HLA, TCR and BCR abundance and diversity is higher in good responders to Nivolumab. (a) Quantification of the sum of BCR and TCR clonotypes in good vs. bad responders and based on the stratification by type of cell. (b) Clonal proportion and diversity estimation of clonotypes. (c) Quantification of the HLA loci in good vs. bad responders based on type of HLA. (d) Representative depictions of the abundance and diversity of HLA, and the VFamily of TCR and BCR clonotypes, based on bulk RNA-seq data.

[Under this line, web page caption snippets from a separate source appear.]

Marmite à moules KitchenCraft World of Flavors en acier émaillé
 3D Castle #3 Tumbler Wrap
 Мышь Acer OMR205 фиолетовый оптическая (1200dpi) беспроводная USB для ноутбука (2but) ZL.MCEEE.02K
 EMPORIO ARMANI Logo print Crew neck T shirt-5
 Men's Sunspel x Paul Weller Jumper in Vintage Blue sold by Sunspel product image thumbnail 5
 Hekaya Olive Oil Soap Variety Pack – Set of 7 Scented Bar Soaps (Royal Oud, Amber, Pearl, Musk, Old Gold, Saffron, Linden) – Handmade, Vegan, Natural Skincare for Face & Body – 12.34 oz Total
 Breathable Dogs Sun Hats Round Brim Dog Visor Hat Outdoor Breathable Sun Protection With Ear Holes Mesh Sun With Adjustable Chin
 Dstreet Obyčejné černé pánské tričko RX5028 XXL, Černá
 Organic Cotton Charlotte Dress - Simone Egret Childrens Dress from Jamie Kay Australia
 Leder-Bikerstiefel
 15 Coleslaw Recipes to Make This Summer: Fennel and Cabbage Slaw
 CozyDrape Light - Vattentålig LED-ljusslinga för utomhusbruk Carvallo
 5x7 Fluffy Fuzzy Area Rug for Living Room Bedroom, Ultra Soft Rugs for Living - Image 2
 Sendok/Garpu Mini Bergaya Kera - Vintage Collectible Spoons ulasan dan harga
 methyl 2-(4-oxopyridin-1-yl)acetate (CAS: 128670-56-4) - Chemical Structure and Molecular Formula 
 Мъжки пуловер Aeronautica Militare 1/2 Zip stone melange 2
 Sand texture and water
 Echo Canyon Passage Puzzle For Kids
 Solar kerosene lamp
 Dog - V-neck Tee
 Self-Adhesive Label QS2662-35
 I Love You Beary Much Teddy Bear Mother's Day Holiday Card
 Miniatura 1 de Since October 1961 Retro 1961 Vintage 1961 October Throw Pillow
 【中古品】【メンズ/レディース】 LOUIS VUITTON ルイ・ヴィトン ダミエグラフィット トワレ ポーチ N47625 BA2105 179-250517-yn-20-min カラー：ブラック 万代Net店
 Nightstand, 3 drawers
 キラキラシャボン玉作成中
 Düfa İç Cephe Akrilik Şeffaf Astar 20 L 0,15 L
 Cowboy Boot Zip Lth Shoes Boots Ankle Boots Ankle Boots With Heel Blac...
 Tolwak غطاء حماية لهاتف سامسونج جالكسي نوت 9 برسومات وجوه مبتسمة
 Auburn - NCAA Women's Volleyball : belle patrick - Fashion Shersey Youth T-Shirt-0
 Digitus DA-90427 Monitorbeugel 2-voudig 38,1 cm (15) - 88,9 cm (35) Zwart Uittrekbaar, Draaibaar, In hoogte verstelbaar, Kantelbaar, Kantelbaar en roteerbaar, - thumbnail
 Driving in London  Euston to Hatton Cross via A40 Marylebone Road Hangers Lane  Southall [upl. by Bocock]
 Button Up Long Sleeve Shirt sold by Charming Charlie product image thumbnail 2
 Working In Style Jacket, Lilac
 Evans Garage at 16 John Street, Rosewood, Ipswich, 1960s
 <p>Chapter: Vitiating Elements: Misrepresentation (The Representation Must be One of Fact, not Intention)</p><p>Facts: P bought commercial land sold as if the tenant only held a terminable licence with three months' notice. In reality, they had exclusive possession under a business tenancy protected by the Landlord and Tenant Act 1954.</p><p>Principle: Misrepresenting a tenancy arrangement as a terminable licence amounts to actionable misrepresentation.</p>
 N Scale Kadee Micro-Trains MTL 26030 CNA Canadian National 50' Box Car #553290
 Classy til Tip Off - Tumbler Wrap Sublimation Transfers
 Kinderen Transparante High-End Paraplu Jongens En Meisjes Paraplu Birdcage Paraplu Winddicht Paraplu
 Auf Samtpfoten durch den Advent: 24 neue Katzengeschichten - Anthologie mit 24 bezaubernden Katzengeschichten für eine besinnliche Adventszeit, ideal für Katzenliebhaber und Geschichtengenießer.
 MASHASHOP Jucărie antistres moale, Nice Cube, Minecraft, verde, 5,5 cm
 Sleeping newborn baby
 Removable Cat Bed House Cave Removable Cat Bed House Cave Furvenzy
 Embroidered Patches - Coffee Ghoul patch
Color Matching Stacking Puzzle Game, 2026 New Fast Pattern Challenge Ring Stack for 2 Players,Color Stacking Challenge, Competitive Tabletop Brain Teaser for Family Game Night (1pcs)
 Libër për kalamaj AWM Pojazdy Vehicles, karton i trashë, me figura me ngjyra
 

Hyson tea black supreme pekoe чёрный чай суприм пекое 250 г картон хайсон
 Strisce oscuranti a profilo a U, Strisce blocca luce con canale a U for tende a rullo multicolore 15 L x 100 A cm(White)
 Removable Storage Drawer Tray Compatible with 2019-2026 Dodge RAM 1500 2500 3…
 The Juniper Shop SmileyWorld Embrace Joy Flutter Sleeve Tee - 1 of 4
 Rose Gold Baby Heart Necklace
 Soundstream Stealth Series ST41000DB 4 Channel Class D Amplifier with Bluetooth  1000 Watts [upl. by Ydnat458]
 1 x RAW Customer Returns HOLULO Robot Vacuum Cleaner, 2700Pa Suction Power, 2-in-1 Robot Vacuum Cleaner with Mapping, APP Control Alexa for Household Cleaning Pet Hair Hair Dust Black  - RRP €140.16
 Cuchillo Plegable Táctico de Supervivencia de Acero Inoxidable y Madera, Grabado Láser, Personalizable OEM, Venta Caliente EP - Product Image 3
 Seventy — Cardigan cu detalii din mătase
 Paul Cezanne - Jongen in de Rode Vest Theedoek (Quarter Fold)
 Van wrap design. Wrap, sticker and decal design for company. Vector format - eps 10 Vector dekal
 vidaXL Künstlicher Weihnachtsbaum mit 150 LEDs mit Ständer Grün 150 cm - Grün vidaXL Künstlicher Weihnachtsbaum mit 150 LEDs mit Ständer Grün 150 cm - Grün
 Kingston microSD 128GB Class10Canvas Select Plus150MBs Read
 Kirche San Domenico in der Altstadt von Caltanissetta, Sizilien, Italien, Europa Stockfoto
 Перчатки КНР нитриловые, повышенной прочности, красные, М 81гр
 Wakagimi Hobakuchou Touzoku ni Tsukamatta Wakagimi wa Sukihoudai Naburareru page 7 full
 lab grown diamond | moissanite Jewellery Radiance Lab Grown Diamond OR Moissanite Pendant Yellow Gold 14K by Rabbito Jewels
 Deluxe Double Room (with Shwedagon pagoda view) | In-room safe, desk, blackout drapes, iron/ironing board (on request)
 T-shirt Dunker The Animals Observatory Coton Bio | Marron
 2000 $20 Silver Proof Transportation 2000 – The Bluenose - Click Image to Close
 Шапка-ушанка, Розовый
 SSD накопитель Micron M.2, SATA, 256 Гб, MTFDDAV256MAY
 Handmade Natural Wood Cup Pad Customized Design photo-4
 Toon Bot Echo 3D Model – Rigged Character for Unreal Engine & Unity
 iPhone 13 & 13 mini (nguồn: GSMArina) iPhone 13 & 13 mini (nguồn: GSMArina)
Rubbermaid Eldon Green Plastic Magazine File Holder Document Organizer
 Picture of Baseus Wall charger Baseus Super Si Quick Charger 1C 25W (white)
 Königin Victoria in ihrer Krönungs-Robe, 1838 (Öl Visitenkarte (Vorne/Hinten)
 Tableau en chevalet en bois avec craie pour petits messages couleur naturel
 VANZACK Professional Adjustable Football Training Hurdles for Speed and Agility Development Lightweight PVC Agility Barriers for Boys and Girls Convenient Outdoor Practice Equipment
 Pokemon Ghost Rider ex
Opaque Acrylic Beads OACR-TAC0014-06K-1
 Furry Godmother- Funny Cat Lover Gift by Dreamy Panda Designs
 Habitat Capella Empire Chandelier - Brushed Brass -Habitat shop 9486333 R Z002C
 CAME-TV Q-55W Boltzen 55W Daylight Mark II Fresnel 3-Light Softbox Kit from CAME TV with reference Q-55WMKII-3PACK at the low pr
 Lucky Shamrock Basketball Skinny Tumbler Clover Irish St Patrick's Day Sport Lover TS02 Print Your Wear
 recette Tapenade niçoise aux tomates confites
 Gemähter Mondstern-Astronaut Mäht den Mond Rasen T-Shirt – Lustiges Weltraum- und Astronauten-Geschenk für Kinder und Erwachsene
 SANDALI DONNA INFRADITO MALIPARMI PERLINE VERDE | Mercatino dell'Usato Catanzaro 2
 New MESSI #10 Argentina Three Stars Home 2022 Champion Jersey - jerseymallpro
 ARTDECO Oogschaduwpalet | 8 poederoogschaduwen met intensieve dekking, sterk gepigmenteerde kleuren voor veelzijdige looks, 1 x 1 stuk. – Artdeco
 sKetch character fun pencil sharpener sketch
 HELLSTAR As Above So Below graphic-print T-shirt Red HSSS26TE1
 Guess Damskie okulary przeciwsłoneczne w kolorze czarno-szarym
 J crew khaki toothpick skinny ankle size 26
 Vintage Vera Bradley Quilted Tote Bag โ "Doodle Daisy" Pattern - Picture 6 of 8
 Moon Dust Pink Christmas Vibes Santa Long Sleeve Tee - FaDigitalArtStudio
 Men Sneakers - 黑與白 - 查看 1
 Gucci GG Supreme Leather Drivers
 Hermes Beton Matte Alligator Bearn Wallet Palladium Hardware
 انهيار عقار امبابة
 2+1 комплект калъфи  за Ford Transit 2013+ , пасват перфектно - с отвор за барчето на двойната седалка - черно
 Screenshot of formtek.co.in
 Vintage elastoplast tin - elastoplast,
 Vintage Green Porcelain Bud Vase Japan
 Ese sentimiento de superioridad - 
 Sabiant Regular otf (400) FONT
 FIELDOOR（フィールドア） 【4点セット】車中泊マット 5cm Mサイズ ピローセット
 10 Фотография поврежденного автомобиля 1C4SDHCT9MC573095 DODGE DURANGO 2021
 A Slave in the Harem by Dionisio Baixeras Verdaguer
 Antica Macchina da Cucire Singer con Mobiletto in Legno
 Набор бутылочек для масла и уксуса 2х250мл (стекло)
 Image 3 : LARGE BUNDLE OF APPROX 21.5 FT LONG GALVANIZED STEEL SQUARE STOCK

Each concentric circle and color represents a variant, and the covered angle of the circumference indicates the amount of the specific variant.

Figure 6

BCR chain diversity among good responders. Comparison of the abundance between BCR chains in good responders.

Figure 7

Onco-heatmap: integration of bulk RNA-seq data, the VDJ and HLA abundance and genes features. In the upper part of the ComplexHeatmap, we represent the clinical and genomic information. The DE expressed genes in good versus bad responders are located in the center of the plot. The diversity and abundance analysis of VDJ are plotted just below the DE analysis, using a bar plot and heatmap as graphs, respectively. HLA expression is presented at the bottom of the graph. Finally, details about the differentially expressed genes can be found on the right-hand side. We depict GO information, relationship with survival and gene validation in single-cell RNA-seq cohort.

Figure 8

Machine-Learning-based predictive power of the transcriptomic signature. ROC curve for the (a) 140-genes model by cross-validation (CV) and (b) Random Forest (RF) model in three different external cohorts.